I'm back lovely people! Thanks for your thread here wondering what had happened to me, and I'm so sorry for my long absence from the boards.

I just wanted to point you all in the direction of the surrogacy area on our new website which contains a comprehensive resource of information about UK surrogacy law - the first ever put together in the UK. It's bang up to date with the new legislation and designed to be as helpful as possible on a very complex subject. Do check it out at www.nataliegambleassociates.com/page/surogacy/22/.

I'd be grateful for any feedback and comments as to anything else you would find useful to include.

Happy reading! 

Natalie
[email protected]


----------



## Alph (Oct 9, 2008)

Hi Nat,

Thanks for the link to the new surrogacy area; it looks to be very useful.  I am wondering if you can point me in the right direction.  I'm thinking about pursuing surrogacy in India, and have recently been in contact with a local lawyer to ask about the legalities of returning to the UK with a child born abroad to a foreign surrogate.  I live in Scotland, but from what I can make out Scottish and English law do not differ greatly when it comes to Parental Orders.  I presume that the HFEA Act is a reserved matter.  

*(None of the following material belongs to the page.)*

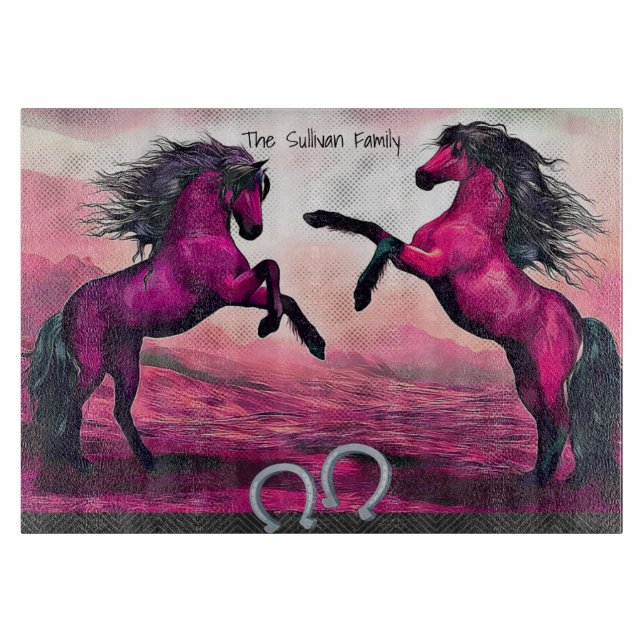 Magenta Fantasy Horses in Tecknad Dot (Framsidan)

The solicitor I spoke with seemed to think that it would not be necessary to apply for a Parental Order if my partner and my names are on the birth certificate.  However, from reading your website, it seems that we would have to.  Help!  

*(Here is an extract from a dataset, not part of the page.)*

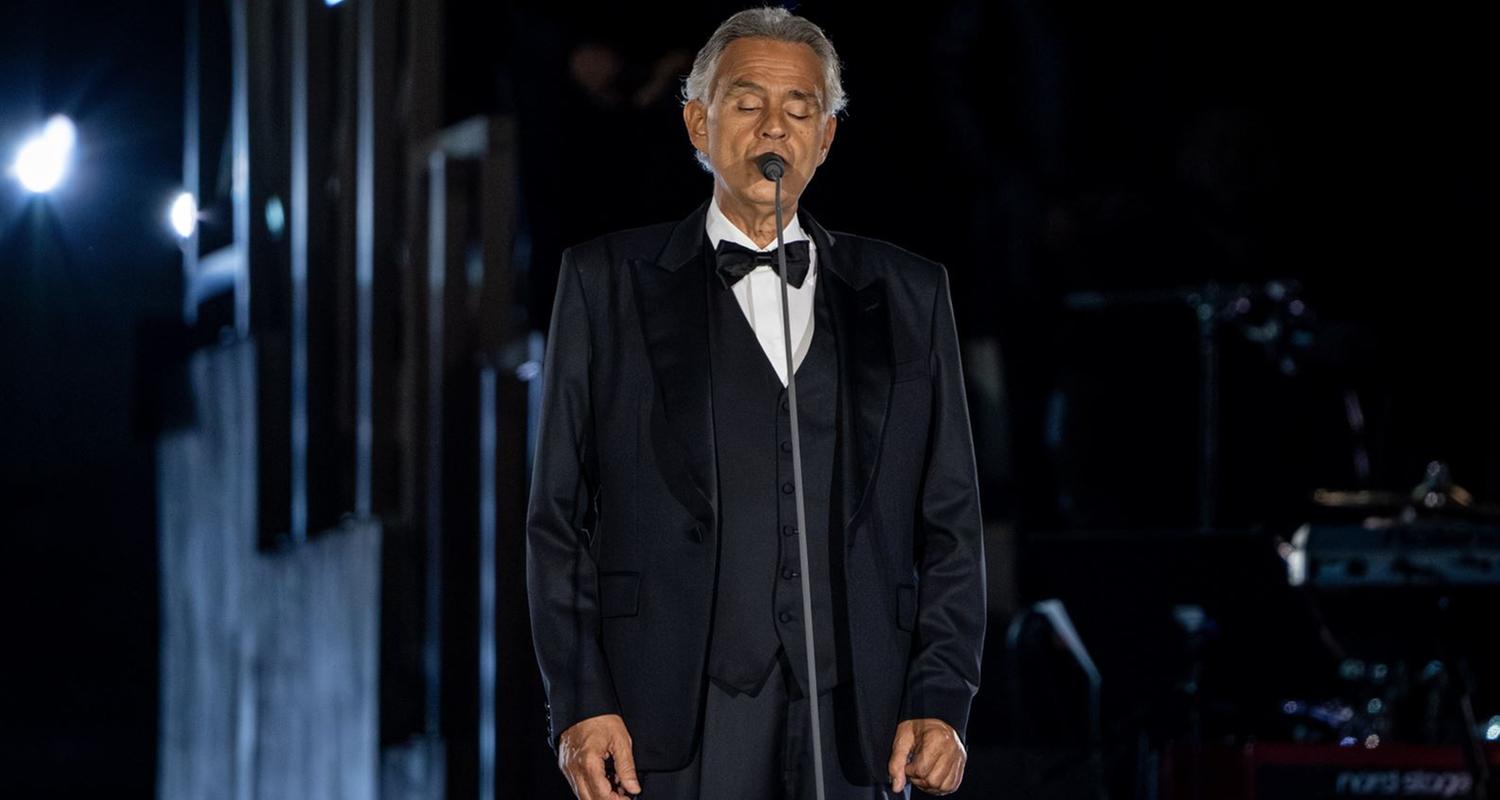 Andrea Bocelli beim "Grace for the World" Konzert auf dem Petersplatz.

Would you be able to advise a Scottish couple?

Many thanks.

Katie.


----------



## NatGamble (Mar 1, 2007)

Hi Katie

You do need to be immensely careful about this stuff and, yes, you will almost certainly need a parental order.  The HFE Act applies throughout the UK although there are slightly different rules for Scotland as regards the process you go through etc.  I am an English lawyer, so can't deal with Scottish legal process, but I do have links with a friendly Scottish family lawyer who may be able to help, perhaps together with my specialist knowledge on this area.

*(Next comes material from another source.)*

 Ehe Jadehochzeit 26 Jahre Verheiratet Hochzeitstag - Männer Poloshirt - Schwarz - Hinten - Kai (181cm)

Feel free to email me at [email protected] if you want to explore this further.

Best wishes

Natalie


----------



## Viola (Sep 12, 2007)

Hi Natalie,
Just wanted to say congratulations on your appearance on Woman's Hour re surrogacy  and maternity leave on Friday 19th June. I thought you were excellent and I hope that eventually there will be changes to the law around maternity leave for intended mothers and around the timing of the parental order. Thanks very much.
Viola x


----------



## CarolynB (May 17, 2008)

Viola - thanks for letting us know about the piece on Woman's Hour.  Just listened to it through the Woman's Hour web site.  

Natalie - awesome as ever.  Well done you    

Lisa/Gigglygirl - you were great too.  

Good work girls.  Must help raise the profile of the issues that we face as IM, especially around maternity leave.

Carolyn xxxxxx


----------



## NatGamble (Mar 1, 2007)

Awww - thanks Carolyn and Viola

I loved Kim and Lisa's stories, so eloquently told. There is so much negative press about surrogacy, so to hear two women saying what an amazing journey it had been and how positive their relationship with their surrogate was was immensely powerful (and I have to confess that hearing Lisa talk transported me straight back to the days my kids were born and made me feel quite emotional - I'm sure I'm not the only listening mother to have felt that way!).

Here's the link in case anyone else wants to listen:

http://www.bbc.co.uk/radio4/womanshour/01/2009_24_fri.shtml

Natalie


----------



## SuziT (Aug 18, 2007)

Hi Natalie, just a quick question please.........

I live in Nothern Ireland and when we tried to organise a parental order last year we were told that it wasnt possible in Northern Ireland and that we had to go down the route of adoption.  Is that the case?.

many thanks

Nicola.


----------